Samium Gromoff (_deepfire@mail.ru)
Sun, 9 Dec 2001 00:58:03 +0300 (MSK)


" Martin Josefsson wrote:"
>
> > > > Hello folks...
> > > >
> > > > Host A: p166, ISA NE2K, linux-2.4.12-ac4
> > > > Host B: p2-400, rtl-8129, WinXP (heh, not my box though ;)
> > > >
> > > > Load: smbmount connection from host A to the host B, and getting
> > > > large files.
> > >
> > > Solution: replace NE2K with a decent network card.
> >
> > The ne2k driver goes to great pains to keep interrupts enabled it isnt the
> > culprit as far as I can tell
>
> I had an AMD K6 200 with an ISA NE2K card whan I started using Linux...
> I started using kernel 2.0 and that card worked very nice.
> I could even play quake while sending out data at 10Mbit/s, I didn't even
> notice that the transfer had started.
>
> Then I upgraded to kernel 2.2 and I was no longer able to play quake while
> tranmitting at 10Mbit/s with the exact same hardware.

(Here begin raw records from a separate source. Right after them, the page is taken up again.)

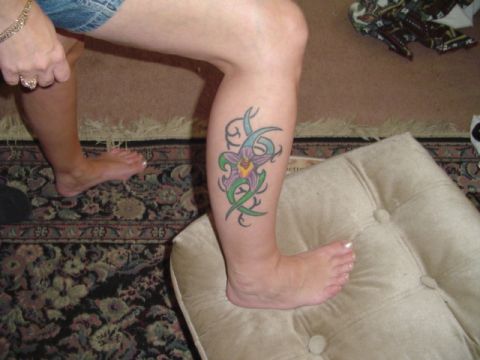 1993 Ford Bronco - A leg displays a tribal flower tattoo, with another person's feet visible in the background.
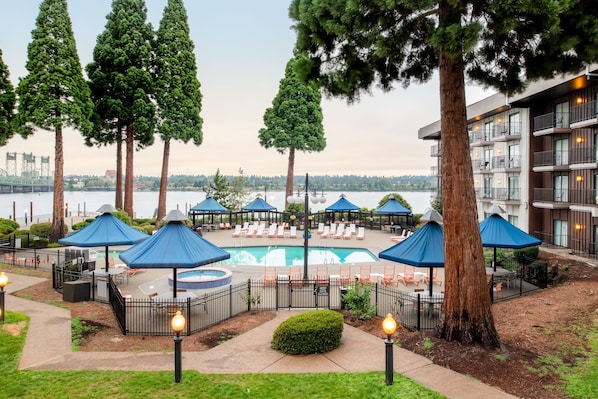 Una piscina al aire libre, sombrillas, sillones reclinables de piscina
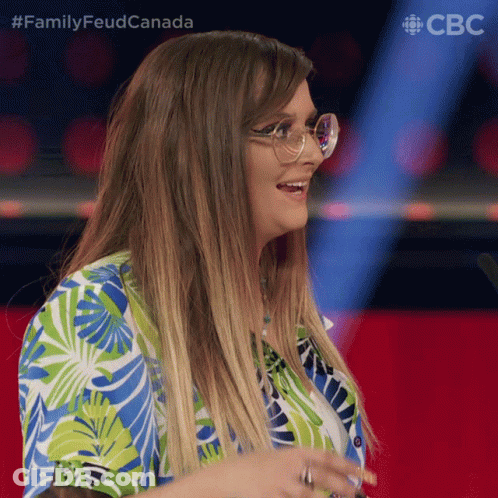 A Woman Wearing Glasses And A Blue And Green Shirt With The Words Family Feud Canada Behind Her GIF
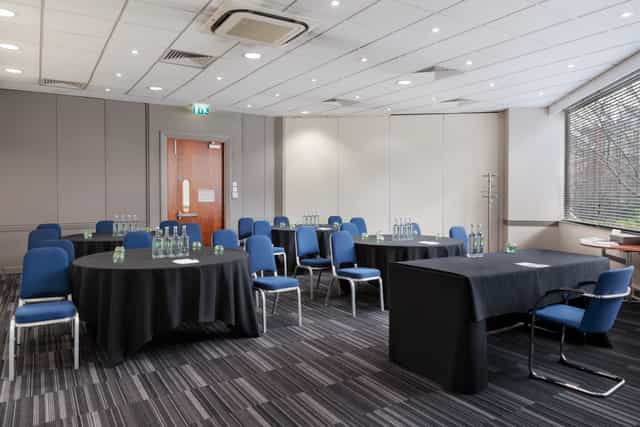 Madonna at a bright meeting room, perfect for workshops and conferences.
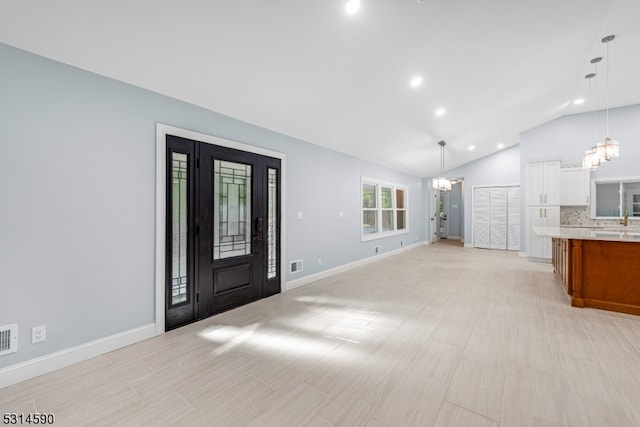 foyer entrance with vaulted ceiling and an inviting chandelier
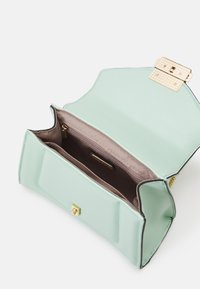 Mintgrön läderhandväska med en guldfärgad lås, öppen för att avslöja ett taupe-färgat tyginteriör och ett zip-ficka.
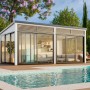 Weißes Palmako Holz-Gartenhaus mit Pultdach (582x297 cm) neben Pool. Gartenhaus mit Schiebetüren.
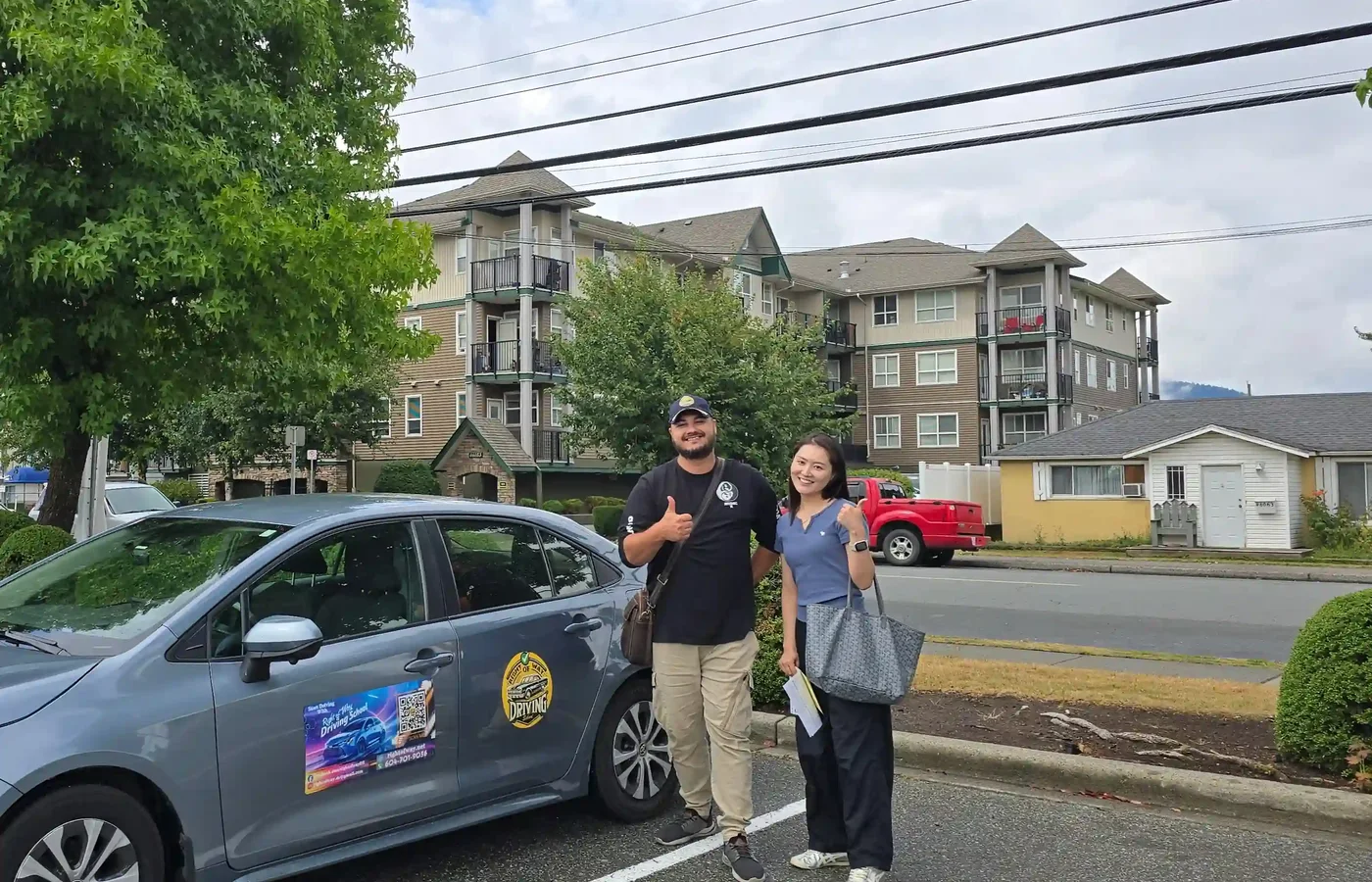 New driver standing with her instructor beside the Right of Way training car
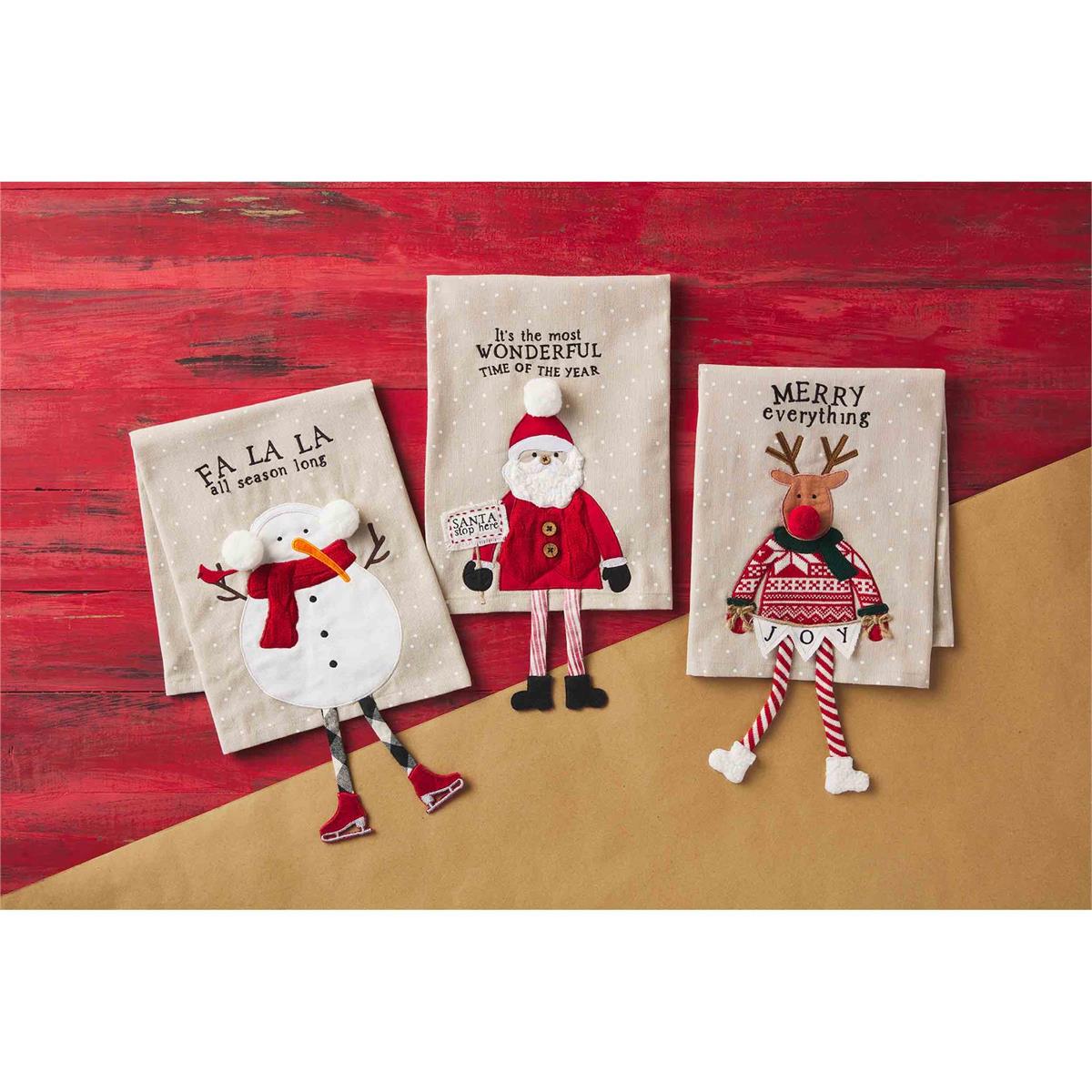 all three styles of christmas dangle leg towels displayed on a red table with brown butcher paper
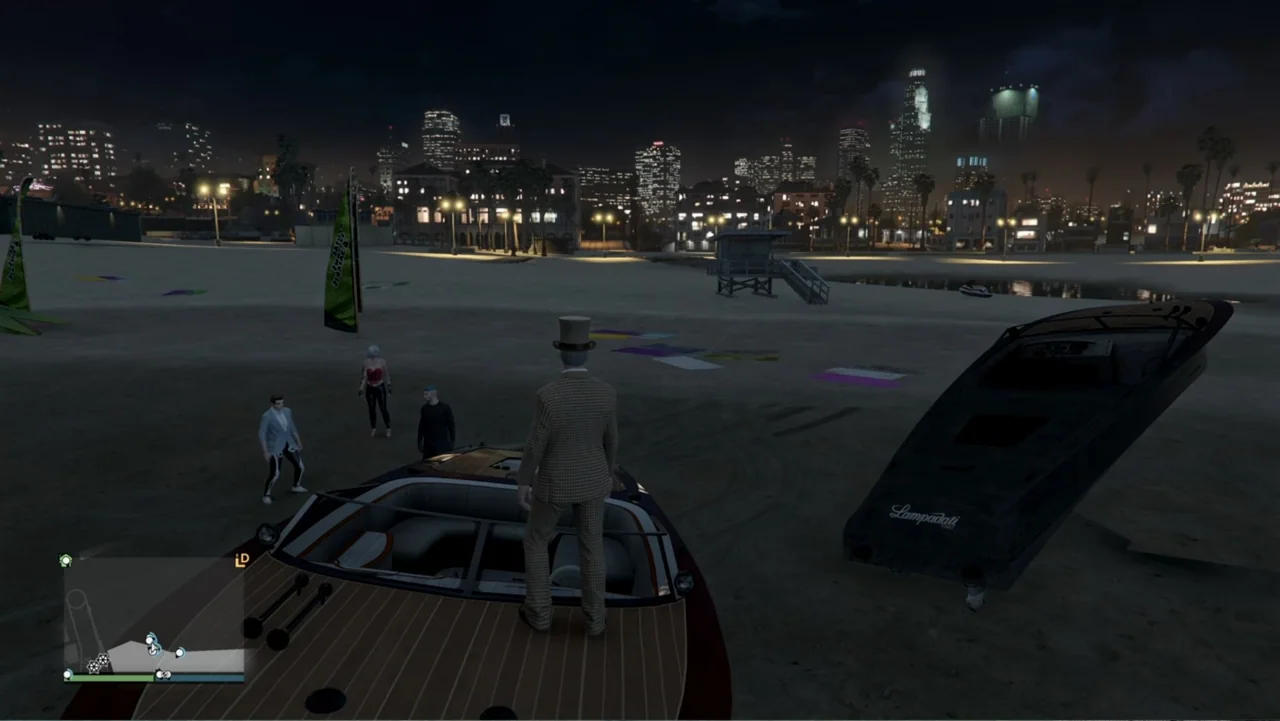 Grand Theft Hamlet (2024) movie still: wide — A dark sandy coastline features boats resting on the ground under a night city skyline. Four…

Sometimes I could
> hardly even play mp3's :(
>
> Then a friend of mine that also upgraded to kernel 2.2 began complaining
> that his machine also became extremely slow and unresponsive while
> transitting at 10Mbit/s, in fact that machine was even slower than mine
> during the transfers and his cpu was a bit faster than mine (also AMD).
>
> Then I upgraded that machine to pIII 700 and even that machine slows to a
> crawl while transmitting with that bloody ISA NE2K. It's the same thing in
> kernel 2.4 too. These days I simply don't use that card anymore...
>
> So something seems to have taken a wrong turn between 2.0 and 2.2
> I don't think this is a problem intruduced in 2.4.
The question is whether anybody is interesting in investigation of
such broken behaviour.
i`ve made a further research and discovered the fact that
ping -l 99999999 - does not corrupt the sound
ping -l 99999999 -s 256 - does not corrupt the sound
ping -l 99999999 -s 512 - significantly corrupts the sound
ping -l 99999999 -s 16384 - heavily corrupts the sound with stalls

as a reminder -l xxxx option forces ping to spit out data as fast as possible
making it a great bandwidth loader...

Initial look at the result makes me think that at certain level the
interrupt handler just takes too long time and preempts the sound driver
or whatever.
My thinking is that if 2.0 was better than 2.4 in this case, we definitely
need to find out why was it so and use its strong side.